* Data shown *
+ + + +
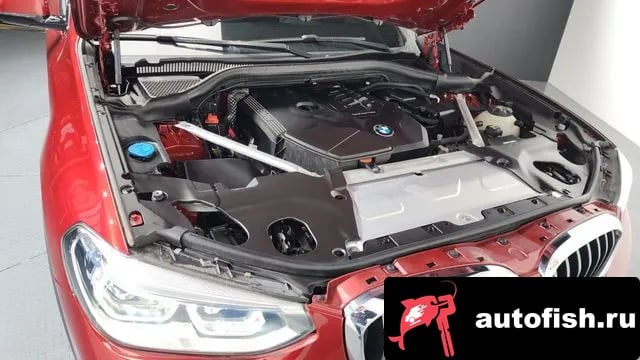 BMW X4 X4 (G02) 2021 года - вид 6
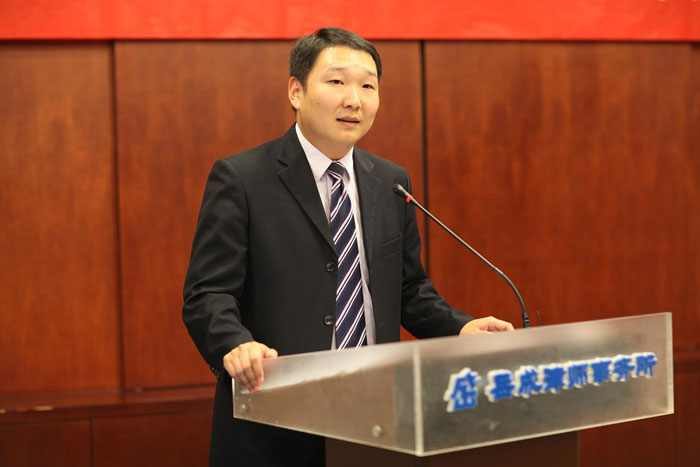 岳成律師事務(wù)所職業(yè)培訓(xùn)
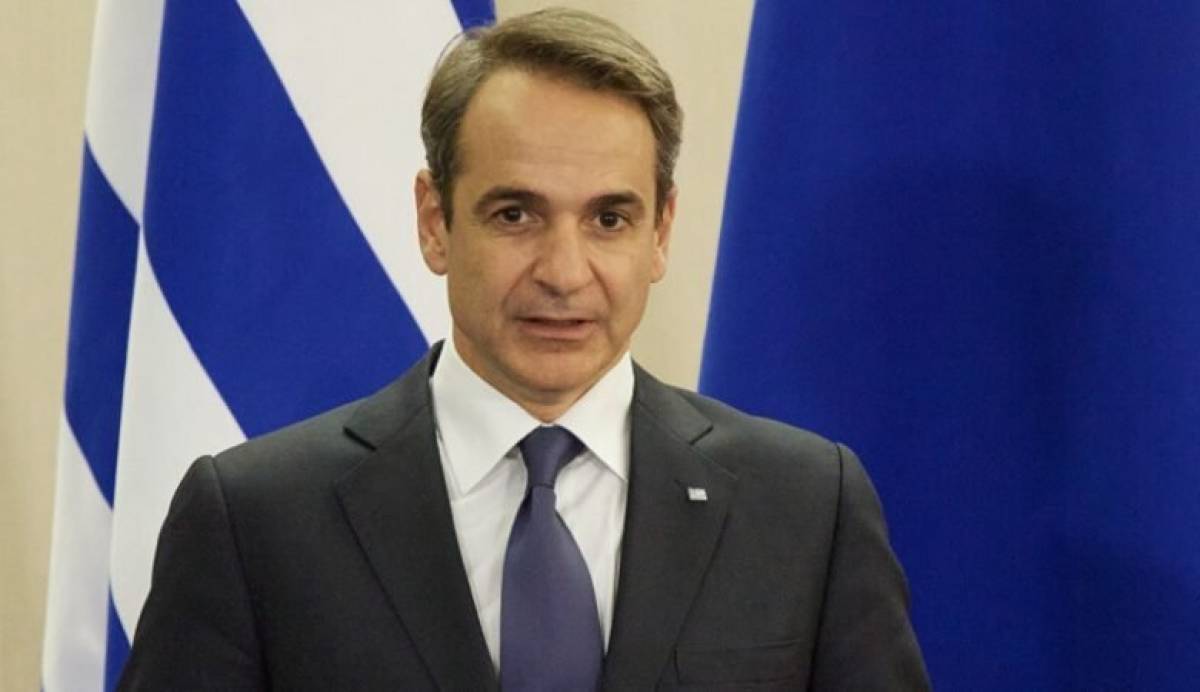 Μητσοτάκης για Πάτρα-Πύργος: Μία ακόμη δέσμευσή μας γίνεται πραγματικότητα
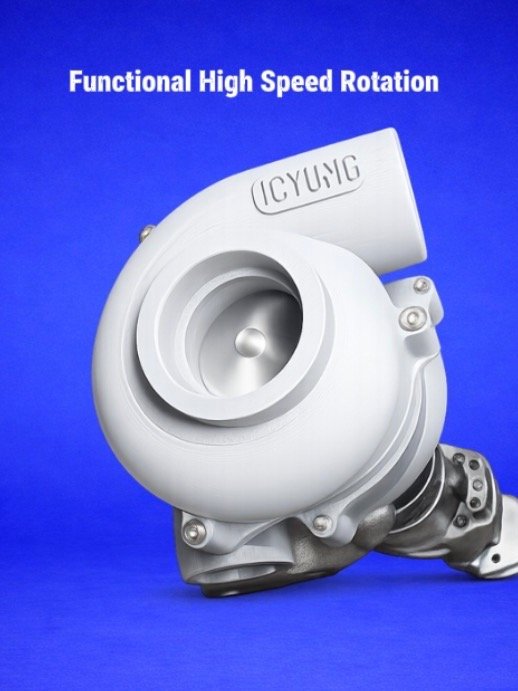 Vacuum Powered Turbo product image (2)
+ + + +
* Try it *
All of the listing should be transcribed exactly, but none of its images.

* Task output *
 BMW X4 X4 (G02) 2021 года - вид 6
 岳成律師事務(wù)所職業(yè)培訓(xùn)
 Μητσοτάκης για Πάτρα-Πύργος: Μία ακόμη δέσμευσή μας γίνεται πραγματικότητα
 Vacuum Powered Turbo product image (2)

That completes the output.